Conosco la teoria, ora è il momento di metterla in pratica. Quando arriva il mio turno sposto i moschettoni sul cavo di sicurezza del ponte e mi avvio. Un passo dopo l’altro, piedi a papera, mani che spingono all’esterno i due cavi laterali per dare stabilità. Il ponte è lungo una ventina di metri ed attraversa un ripido colatoio. Sotto il ponte un salto di circa 30 metri, su una parete che scende ripida per almeno un altro centinaio di metri. La sensazione è di camminare nel cielo. I cavi sono ben tesi e le oscillazioni sono di poco conto. Prima ancora di poterci prendere gusto sono già dall’altra parte.

Al termine del ponte una parete verticale di circa 15 metri conduce su un piccolo falso piano dove ci concediamo cinque minuti di riposo ed una sorsata d’acqua.

La marcia riprende con un traverso su cengia. Questo è l’unico tratto di vera passeggiata. Da questo punto possiamo intravedere il tratto finale della ferrata.

Una bella parete che sale in verticale per circa 80 metri. Vista da sotto incute un certo timore reverenziale ed al tempo stesso è di stimolo a proseguire.

Rispetto alla partenza, mi pare che i gradini siano più distanziati, a tratti si sale direttamente sulla roccia ed in alcuni passaggi si può contare quasi solo sulle braccia.

Lo sforzo diviene più evidente e le battute di spirito più rade, mentre un gradino dietro l’altro, un piede dopo l’altro, un moschettone dietro l’altro si continua a salire.

Quando poi ti guardi sotto lo spettacolo è esaltante.
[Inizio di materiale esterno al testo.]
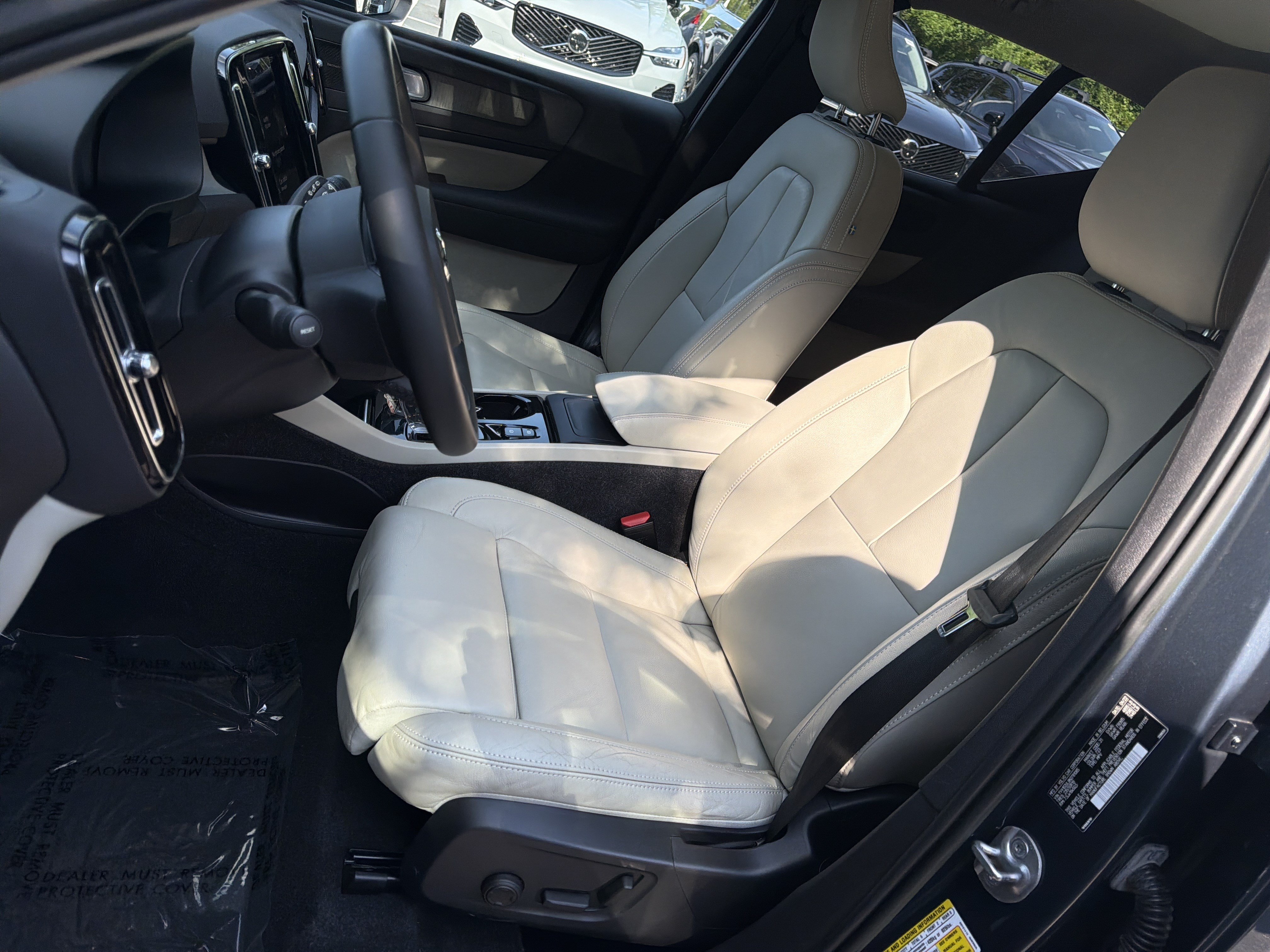 Certified 2022 Volvo XC40 T5 Inscription w/ Advanced Package AWD/4WD image 16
Un salto verticale di circa 300 metri che ti pare quasi di essere pronto per un lancio con paracadute. (pensieri malsani da paracadutista).

A metà parete, per alcuni metri il cavo d’acciaio, che per tutto il tragitto è stato a mano sinistra, passa a destra. Anche se non sono proprio certo che si tratti della manovra più corretta da fare, cambio la posizione dei moschettoni di sicurezza, dopo essermi assicurato ad un gradino mediante un rinvio. Questo è anche il punto in cui la parete pare andare oltre il verticale.
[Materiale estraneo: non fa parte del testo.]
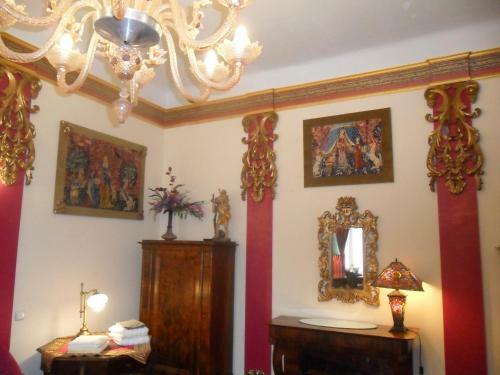 Hostal B&B Near Castle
Sull’ultimo gradino, quando già sono affacciato alla terrazza finale, mi fermo cinque minuti ad ascoltare il cuore che batte forte, il respiro che si è fatto più veloce, la nota e piacevole sensazione di indolenzimento dei muscoli di tutto il corpo.

In due ore dalla partenza siamo arrivati in cima, un po’ stanchi ma felici.
Da questo punto inizia la discesa. Individuiamo un sentiero, non particolarmente evidente che conduce nei pressi di un antico nucleo di baite dove ci fermiamo per consumare uno spuntino.
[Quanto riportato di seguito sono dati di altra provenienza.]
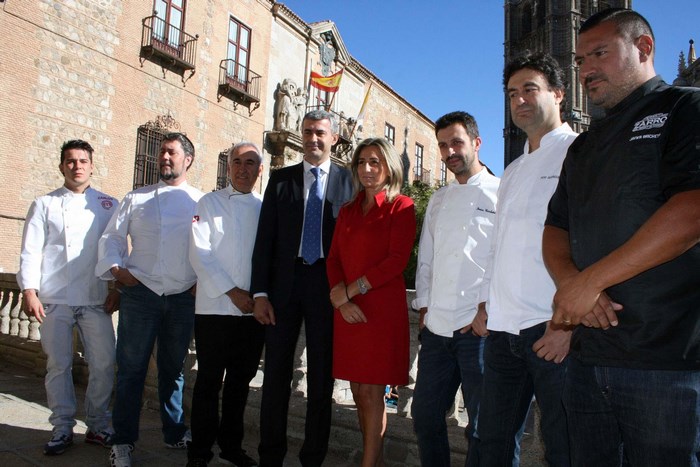 Álvaro Gutiérrez junto a la alcaldesa de Toledo y restauradores de la provincia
Da qui in avanti il sentiero prende la forma di una mulattiera lastricata che ci ricondurrà al punto di partenza.

Comandante Ciardelli, siamo venuti a renderti omaggio da paracadutisti, sulla stessa via dove si esercitano anche gli Uomini del tuo Reparto, il glorioso 185° R.A.O., sempre orgogliosi di aver servito nelle file della Folgore.

Mauro Alasia
In quell’angolo di cielo troverai mio fratello Renato, artigliere del 185°, abbi cura di lui.